What you should do: Please output the records below word for word and omit the pictures.

=== Begin Enclosure ===

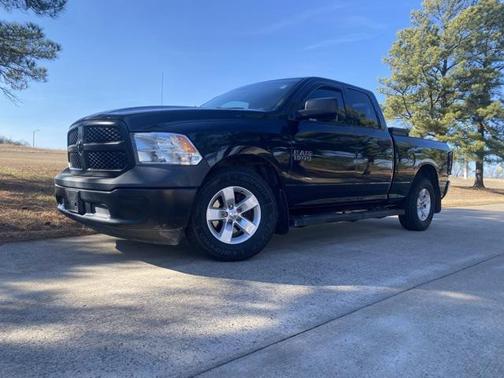 2018 RAM 1500 Tradesman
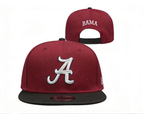 Alabama Crimson Tide Crimson/Black 9FIFTY Snapback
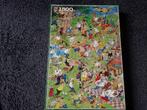 Jan van Haasteren, Ophalen of Verzenden, 500 t/m 1500 stukjes, Gebruikt, Legpuzzel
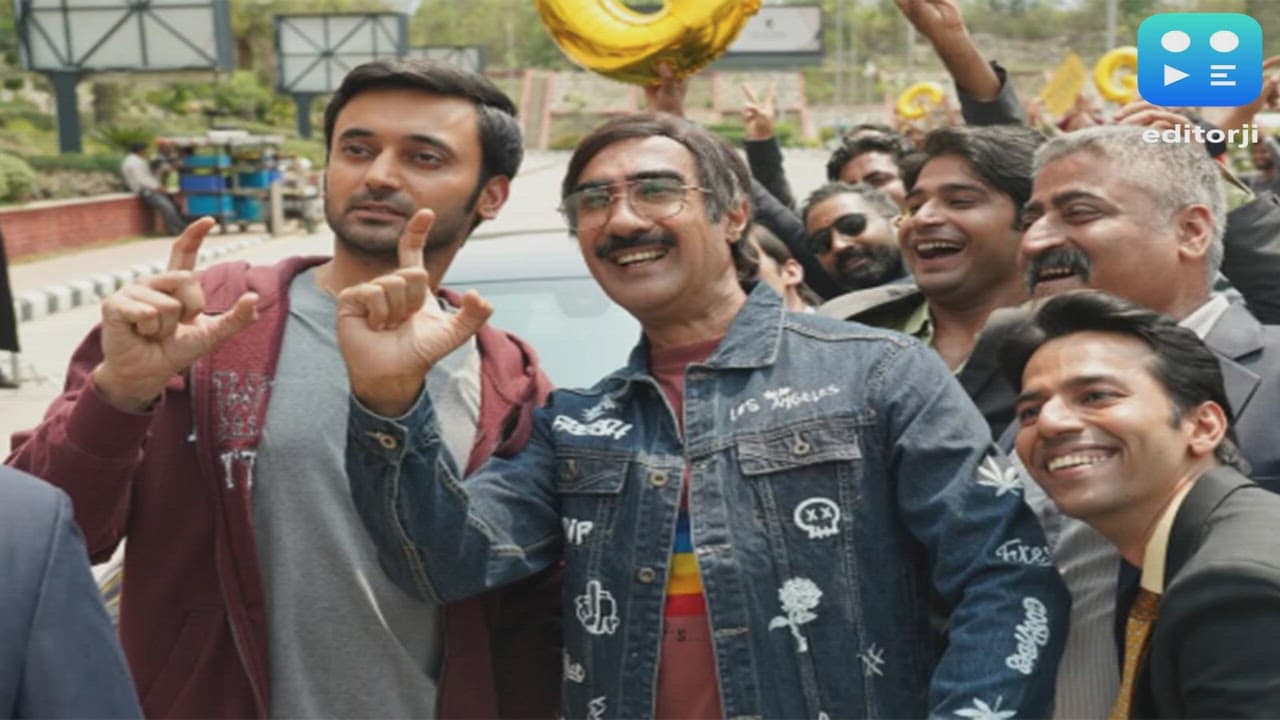 Ranvir Shorey, Paramvir Cheema to be seen in 'The Pyramid Scheme'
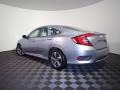 Lunar Silver Metallic - Civic LX Sedan Photo No. 11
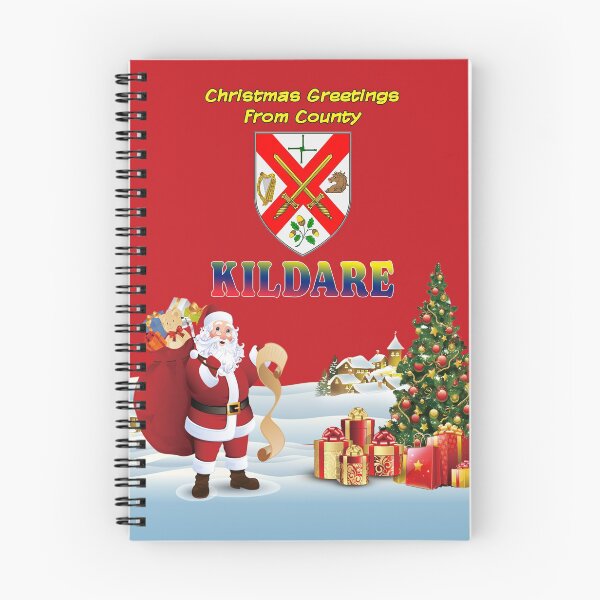 Item preview, COUNTY KILDARE designed and sold by CathalDevlin.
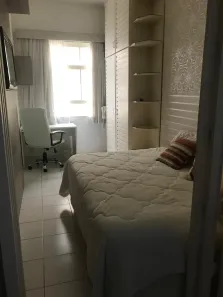 Apartamento com 1 Quarto para alugar, 32m² no Botafogo, Rio de Janeiro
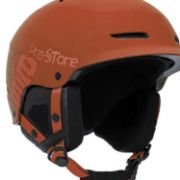 PICTURE OF PROSTORE HELMETS ICEEDGE SNOW HELMET BROWN S-10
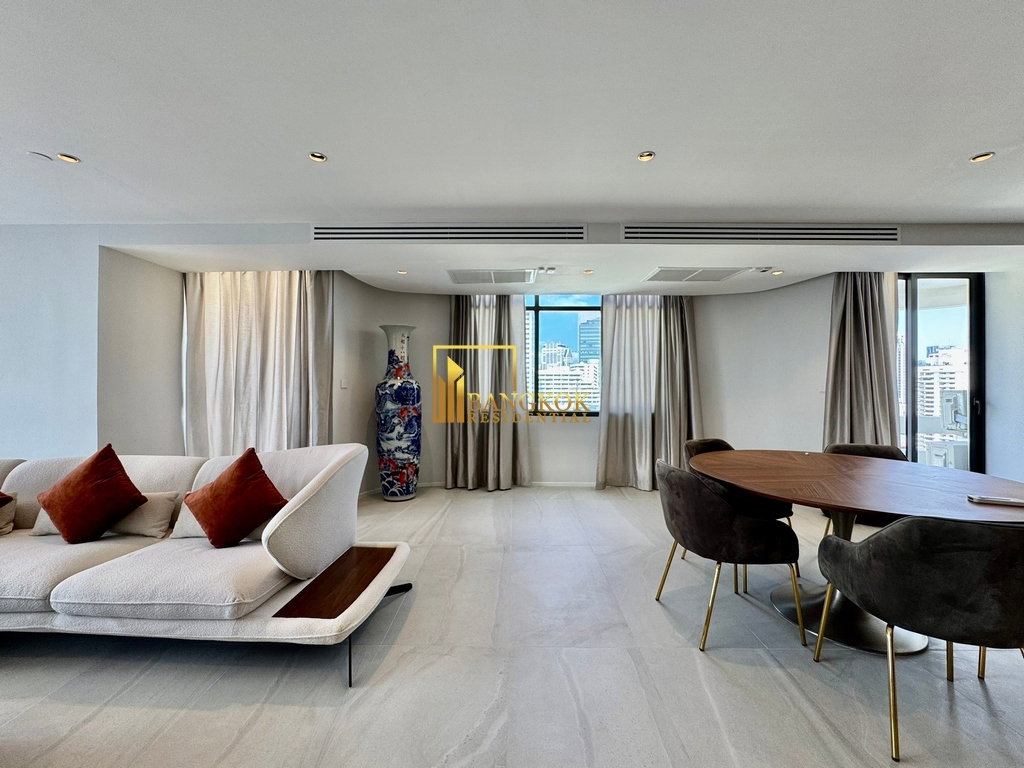 รูป Crystal Garden | Stunning 2 Bed Duplex Condo in Sukhumvit Area - BR19341CD - รูปที่ 3/45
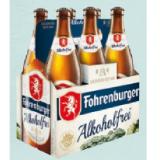 Promotion Bild von Fohrenburger alkoholfrei Sutterlüty 0.50 Liter 6 Stück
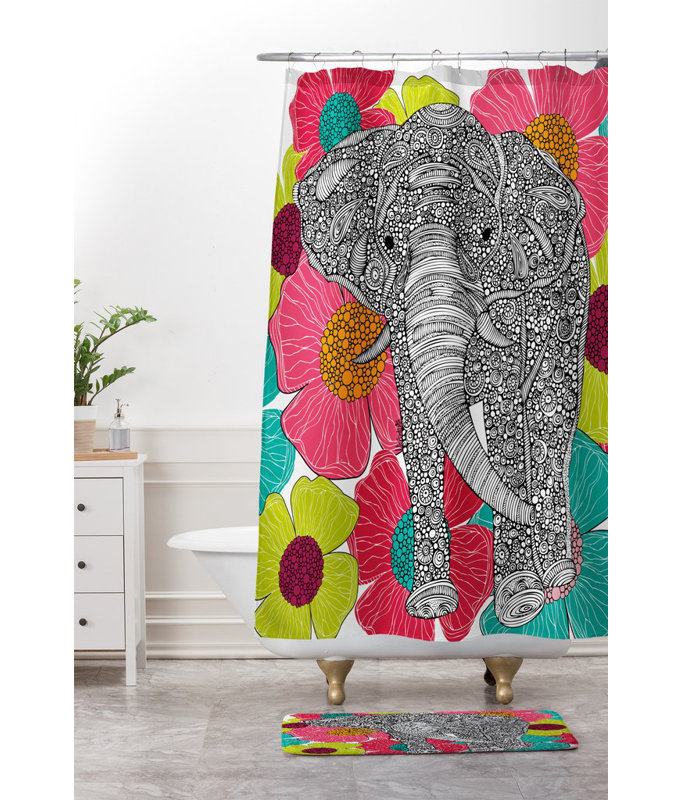 Memory Foam Non-Slip Bath Rug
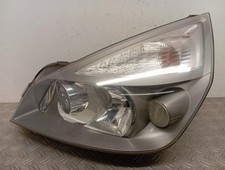 Optique avant principal gauche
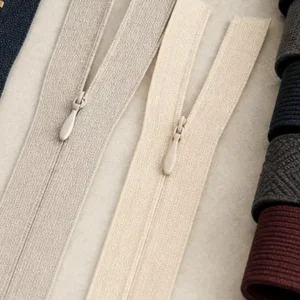 Invisible Zipper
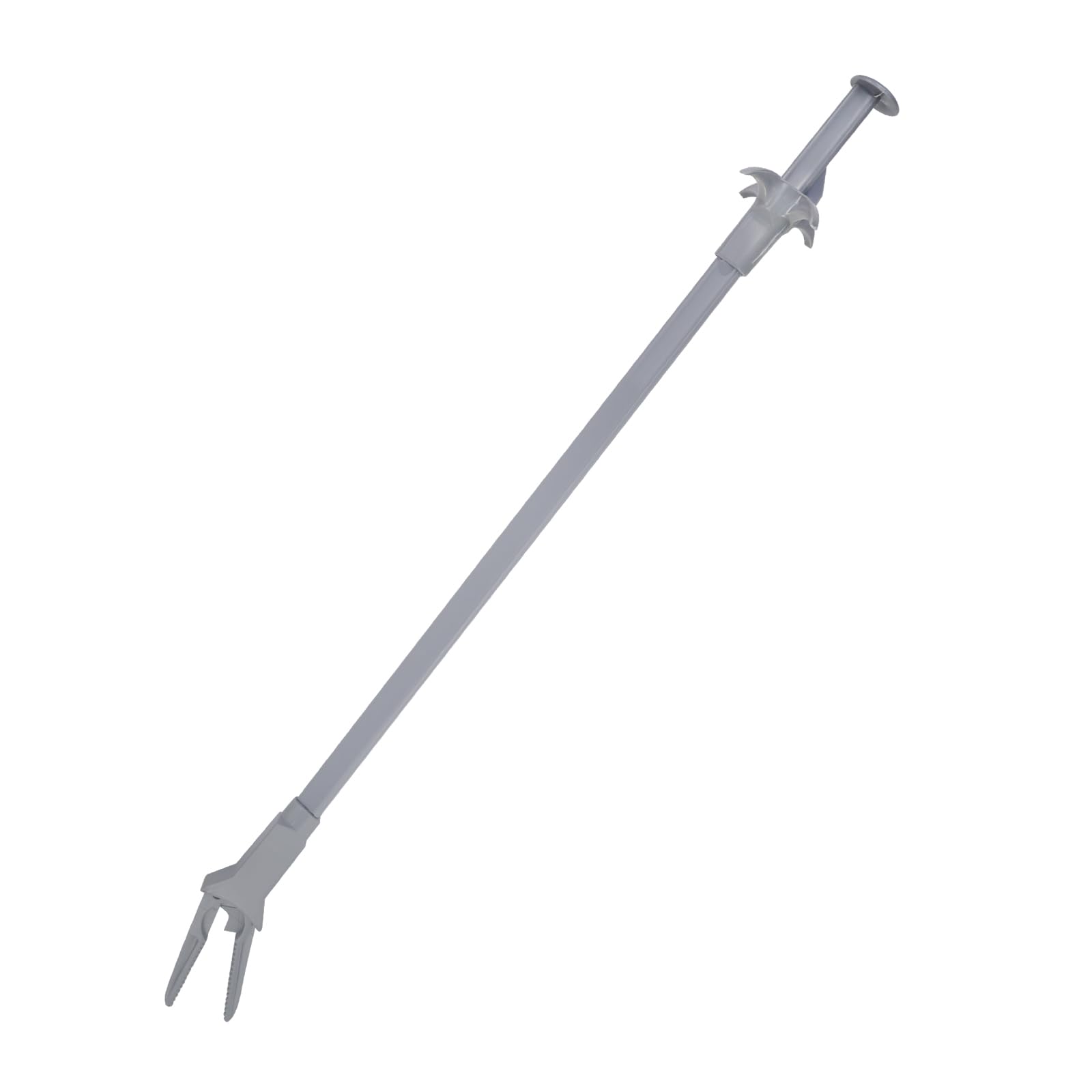 Pinces pour plantes d'aquarium, plastique, 50 cm, entretien plantes aquatiques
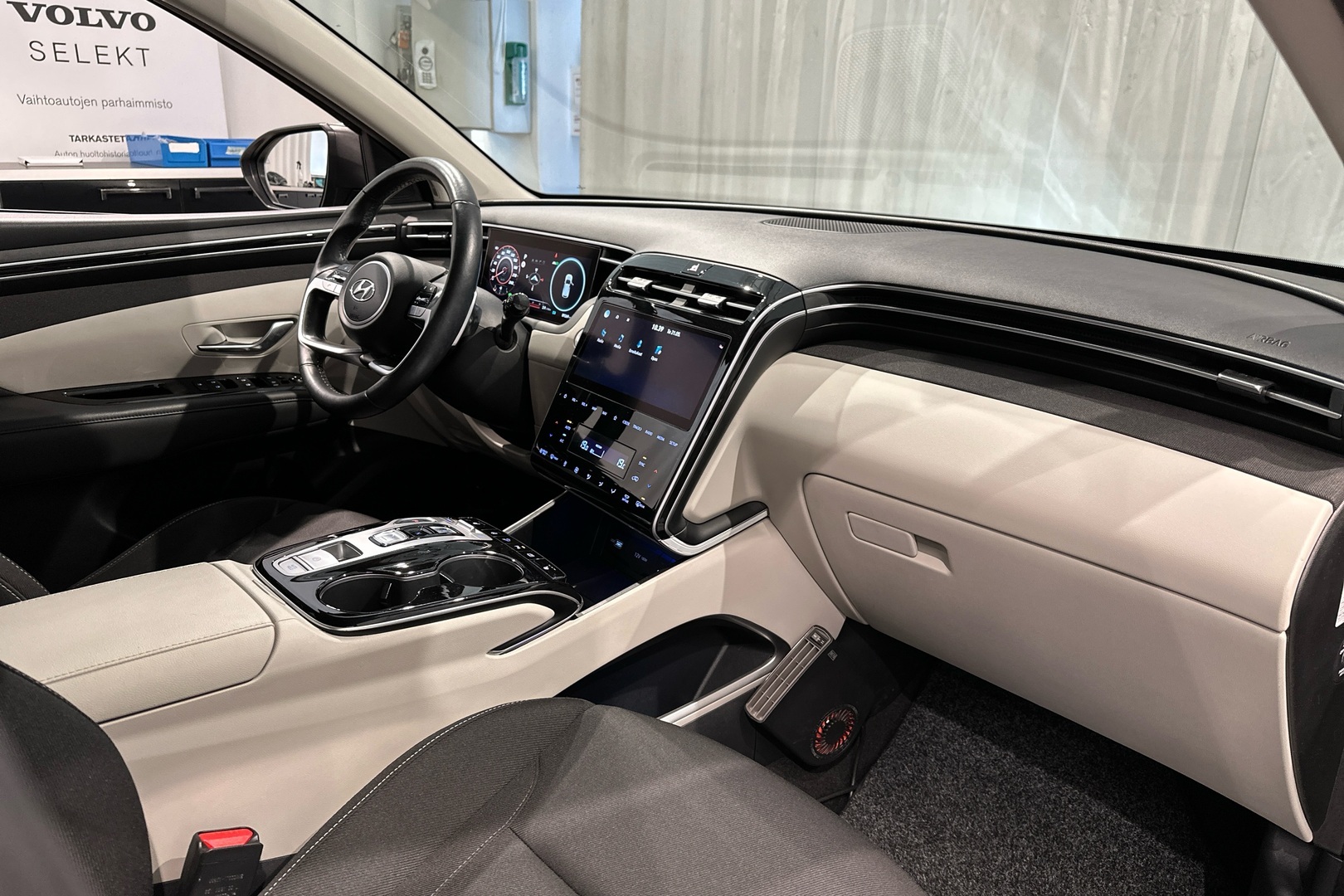 HYUNDAI Tucson 2022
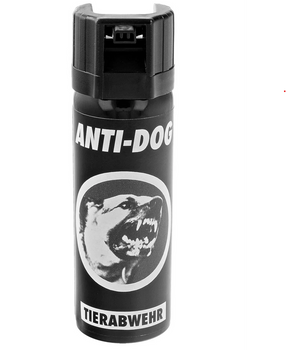Gaz pieprzowy Hoernecke Anti-Dog Cone 63 ml - stożek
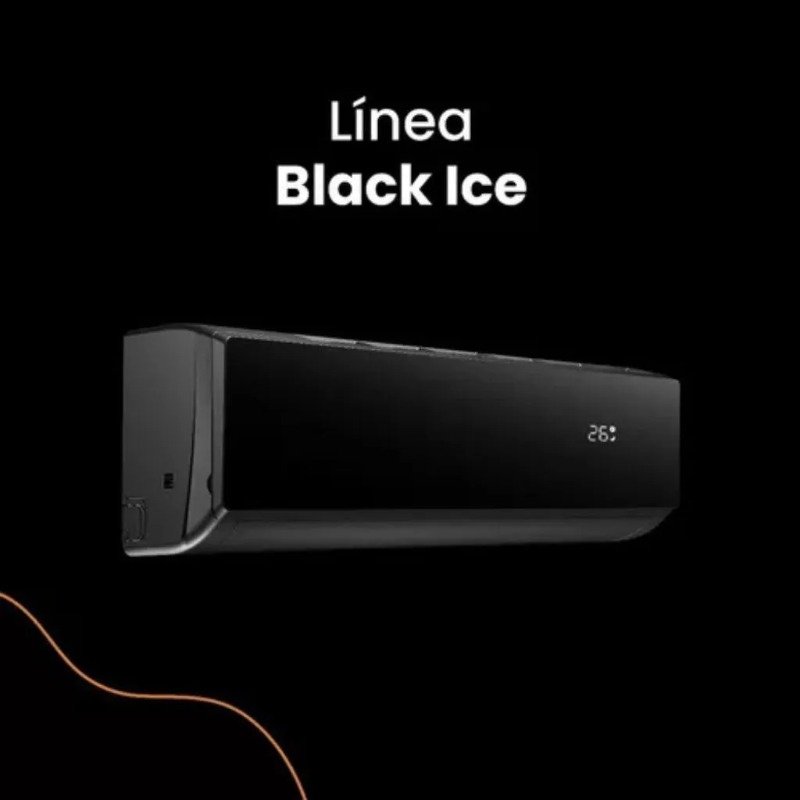 Aire Acondicionado Tadiran 6700w Inverter Black Smart
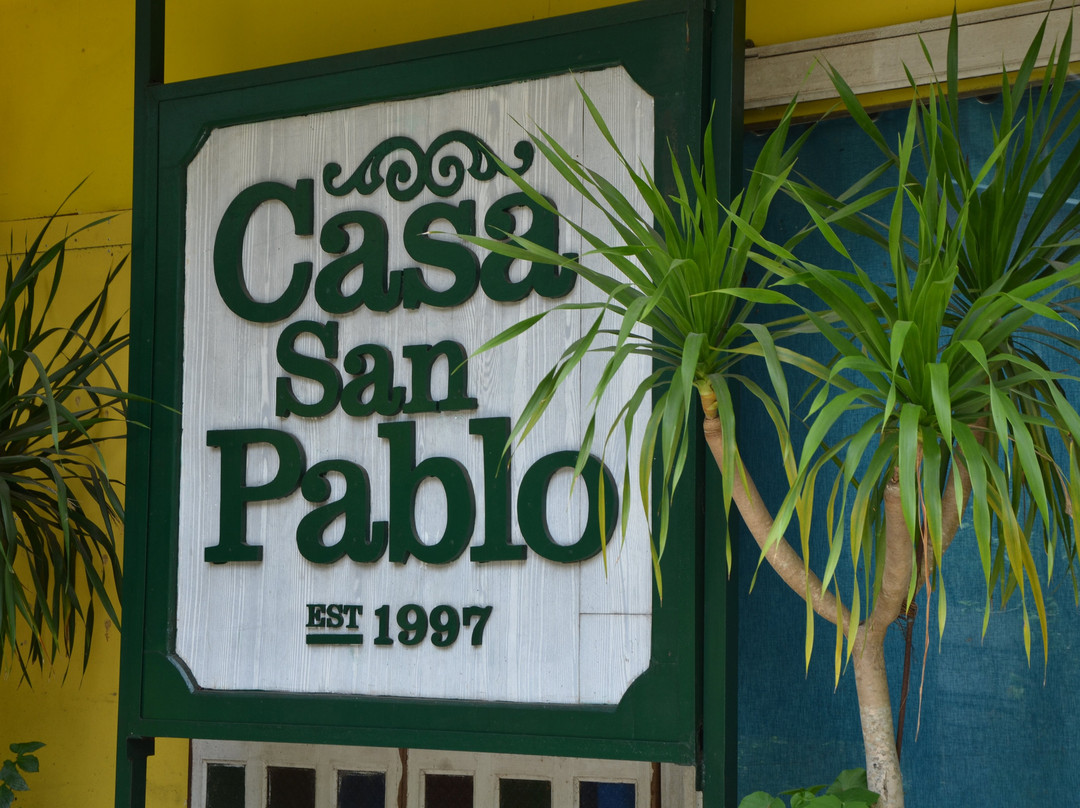 Casa San Pablo B & B主图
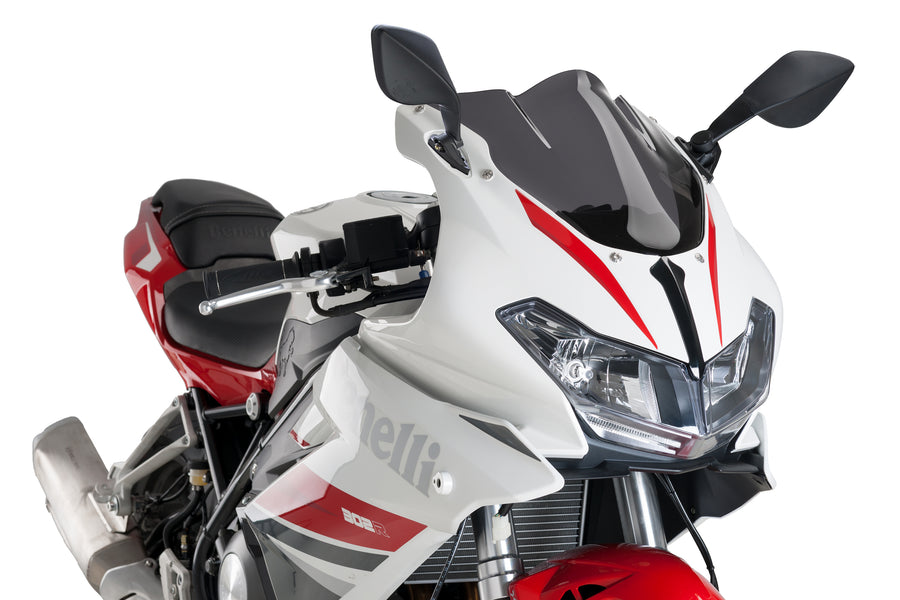 BENELLI TORNADO 302R [2023] – Racing screen – heavily tinted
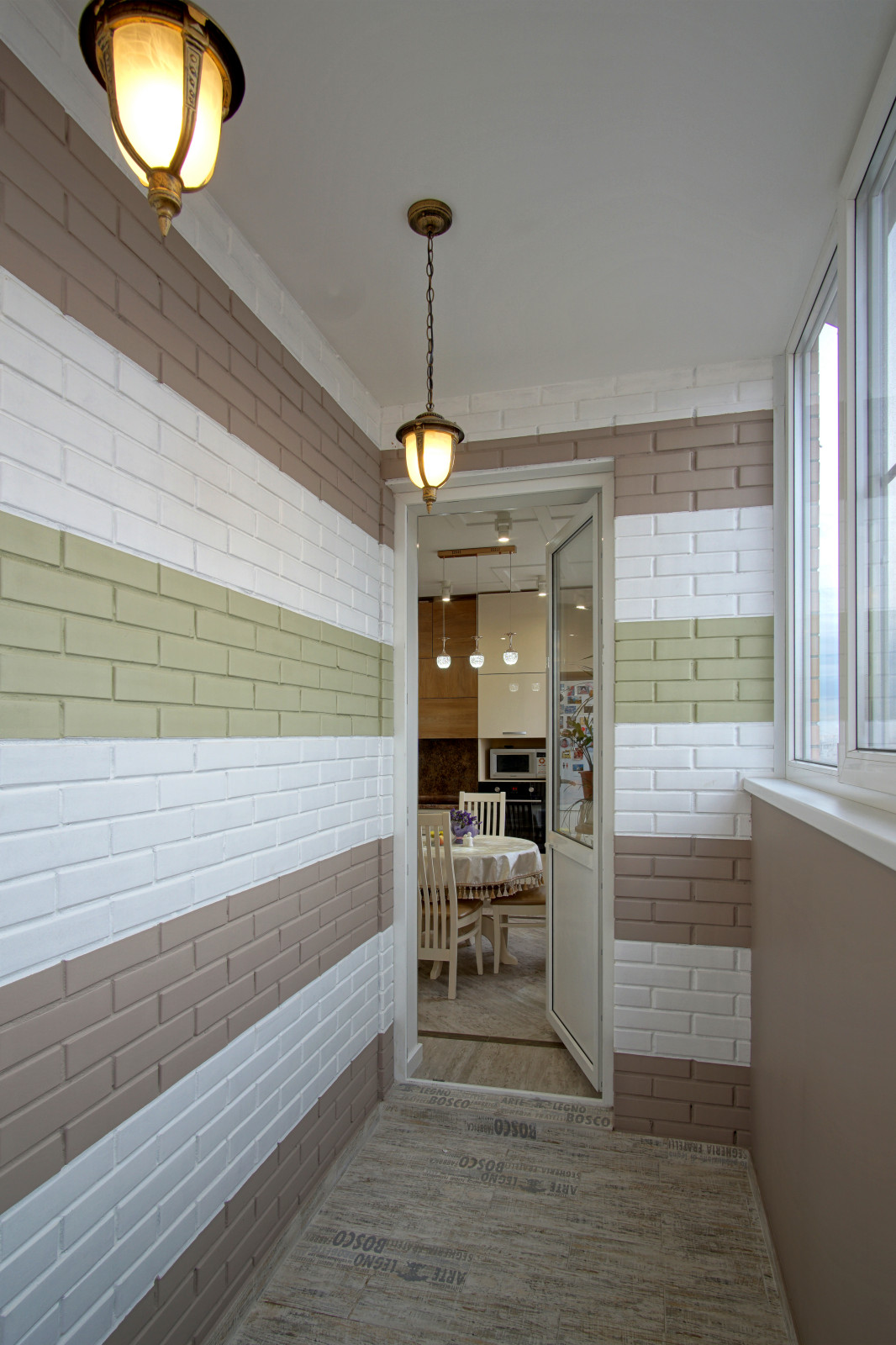 ФОТО ГОТОВОГО РЕМОНТА  2-КОМНАТНОЙ КВАРТИРЫ, по ул. ДАЛЬНЯЯ, г.Краснодар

=== End Enclosure ===

Problem solution:
 2018 RAM 1500 Tradesman
 Alabama Crimson Tide Crimson/Black 9FIFTY Snapback
 Jan van Haasteren, Ophalen of Verzenden, 500 t/m 1500 stukjes, Gebruikt, Legpuzzel
 Ranvir Shorey, Paramvir Cheema to be seen in 'The Pyramid Scheme'
 Lunar Silver Metallic - Civic LX Sedan Photo No. 11
 Item preview, COUNTY KILDARE designed and sold by CathalDevlin.
 Apartamento com 1 Quarto para alugar, 32m² no Botafogo, Rio de Janeiro
 PICTURE OF PROSTORE HELMETS ICEEDGE SNOW HELMET BROWN S-10
 รูป Crystal Garden | Stunning 2 Bed Duplex Condo in Sukhumvit Area - BR19341CD - รูปที่ 3/45
 Promotion Bild von Fohrenburger alkoholfrei Sutterlüty 0.50 Liter 6 Stück
 Memory Foam Non-Slip Bath Rug
 Optique avant principal gauche
 Invisible Zipper
 Pinces pour plantes d'aquarium, plastique, 50 cm, entretien plantes aquatiques
 HYUNDAI Tucson 2022
Gaz pieprzowy Hoernecke Anti-Dog Cone 63 ml - stożek
 Aire Acondicionado Tadiran 6700w Inverter Black Smart
 Casa San Pablo B & B主图
 BENELLI TORNADO 302R [2023] – Racing screen – heavily tinted
 ФОТО ГОТОВОГО РЕМОНТА  2-КОМНАТНОЙ КВАРТИРЫ, по ул. ДАЛЬНЯЯ, г.Краснодар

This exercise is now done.